Il s’ensuit que la commune réclame légitiment le paiement d’une indemnité d’occupation fixée à 300 euros par mois à compter de la date du présent jugement et jusqu’à parfaite libération des lieux.
Il sera en revanche rappelé que le sort du mobilier se trouvant sur les lieux est prévu par les articles L433-1 et suivants du code des procédures civiles d’exécution, dont l’application relève, en cas de difficulté – laquelle n’est à ce stade que purement hypothétique –, de la compétence du juge de l’exécution et non de la présente juridiction.
Sur les frais du procès et l’exécution provisoire
Sur les dépens
Aux termes de l’article 696 du code de procédure civile, la partie perdante est condamnée aux dépens, à moins que le juge, par décision motivée, n’en mette la totalité ou une fraction à la charge d’une autre partie.
En l’espèce, les dépens seront mis à la charge de Mme [E] et de M. [X], succombant à l’instance.
Sur les frais irrépétibles
En application de l’article 700 du code de procédure civile, le tribunal condamne la partie tenue aux dépens ou la partie perdante à payer à l’autre la somme qu’il détermine au titre des frais exposés et non compris dans les dépens.
Par principe, le tribunal alloue à ce titre une somme correspondant aux frais réellement engagés dans la mesure où se trouvent établis leur réalité (ce qui suppose la production de notes d’honoraires et de factures détaillées), leur nécessité et le caractère raisonnable de leur taux, ou, en l’absence de justificatif, à partir des données objectives du litige (nombre de parties, durée de la procédure, nombre d’écritures échangées, complexité de l’affaire, incidents de mise en état, mesure d’instruction, etc.).
Par exception et de manière discrétionnaire, le tribunal peut, considération prise de l’équité ou de la situation économique des parties, allouer une somme moindre, voire dire qu’il n’y a lieu à condamnation.
En l’espèce, la demande sera rejetée en équité.

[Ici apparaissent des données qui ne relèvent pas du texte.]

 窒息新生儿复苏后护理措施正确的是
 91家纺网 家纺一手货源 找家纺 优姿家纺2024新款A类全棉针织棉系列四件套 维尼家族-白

Sur l’exécution provisoire
Il convient de rappeler qu’en application de l’article 514 du code de procédure civile, dans sa rédaction issue du décret n°2019-1333 du 11 décembre 2019 applicable aux instances introduites à compter du 1er janvier 2020, les décisions de première instance sont de droit exécutoires à titre provisoire à moins que la loi ou la décision rendue n’en dispose autrement.
PAR CES MOTIFS,
Le tribunal, statuant publiquement par jugement réputé contradictoire et en premier ressort, par mise à disposition au greffe,
ORDONNE l’expulsion de Mme [E] et de M. [X] et de tous occupants de leurs chefs des locaux constituant lots n°62 et 64 de l’ensemble immobilier sis [Adresse 4] et [Adresse 6] (figurant au cadastre section AM numéro [Cadastre 5]) au besoin avec le concours de la force publique et l’assistance d’un serrurier;
DEBOUTE la commune de [Localité 10] de ses demandes relatives au transport des meubles ;
CONDAMNE Mme [E] et M. [X] à payer à la commune de [Localité 10] une indemnité d’occupation fixée à 300 euros par mois à compter de la date du présent jugement et jusqu’à parfaite libération des lieux ;
MET les dépens à la charge de Mme [E] et M. [X] ;
DEBOUTE la commune de [Localité 10] de sa demande au titre de l’article 700 du code de procédure civile ;
RAPPELLE que le présent jugement est assorti de l’exécution provisoire de droit.
La minute a été signée par Monsieur David BRACQ-ARBUS, Juge, et par Madame Reine TCHICAYA, Greffier.